The professor in residence of pediatrics at University of California San Francisco discussed trends in research for SCD gene therapy.
“I think [in vivo approaches are] the holy grail to making this widely accessible, that gets away from the high dose chemotherapy. It makes it much more accessible, even in areas of the world where the technological aspects of performing a bone marrow transplant will be challenging. And it should lower the cost. So, that's where the research is going.
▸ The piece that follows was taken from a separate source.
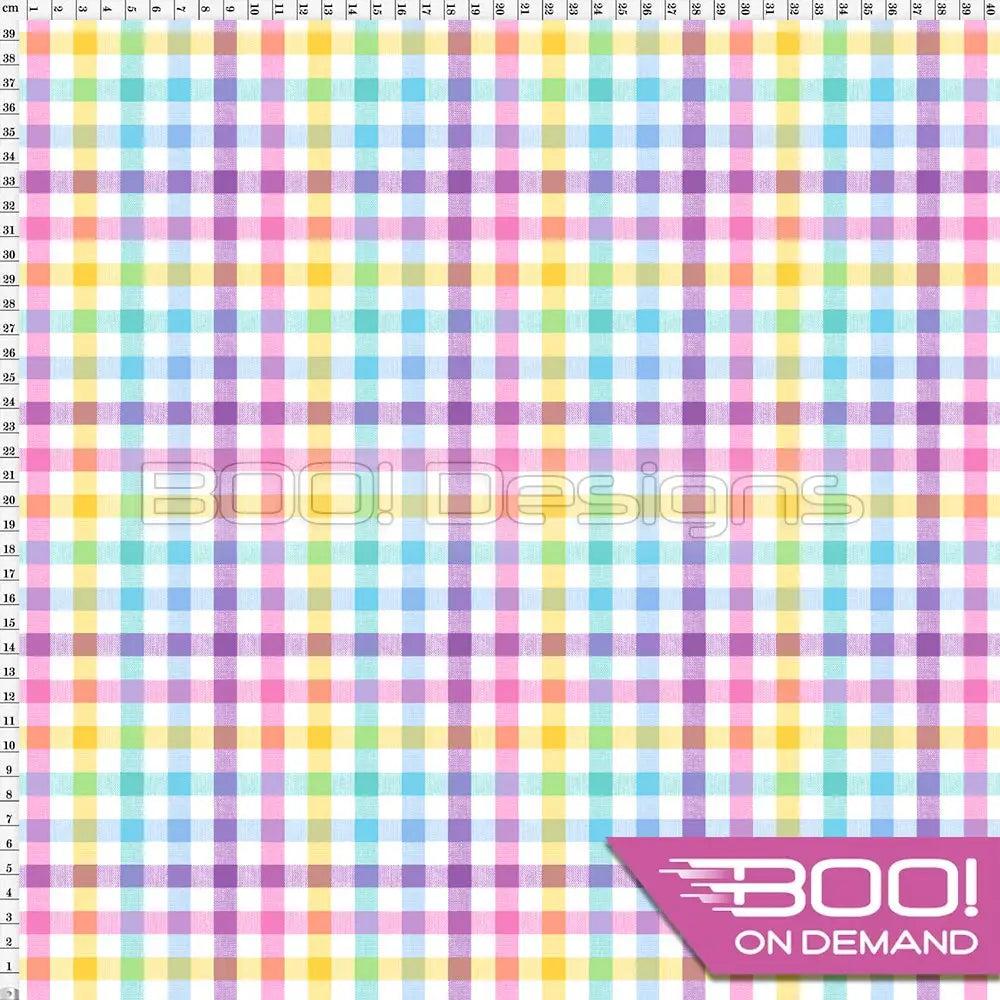 Spandex Gingham Pastel Rainbow Fabric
And I'm hopeful it will have an impact in the next decade or so.”
The FDA approved the first gene therapies for treating sickle cell disease (SCD) in December 2023. These were bluebird bio’s lovotibeglogene autotemcel (lovo-cel), marketed as Lyfgenia and Vertex and CRISPR Pharmaceuticals' exagamglogene autotemcel (exa-cel; Casgevy), both approved for patients aged 12 years and older with SCD.
Lovo-cel consists of autologous CD34+ hematopoietic stem cells collected by plerixafor mobilization and apheresis, transduced with BB305 lentiviral vector (LVV) encoding the human beta-A-T87Q globin gene.
CGTLive spoke with Mark Walters, MD, professor in residence, pediatrics, Sickle Cell Center of Excellence, University of California San Francisco, an investigator on the phase 1/2 HGB-205 (NCT02151526) and HGB-206 (NCT02140554) clinical trials evaluating lovo-cel, to learn more about trends in research for gene therapy in SCD. He discussed how in vivo approaches to gene therapy may be the next step to helping address concerns with clonal hematopoiesis and myeloablation.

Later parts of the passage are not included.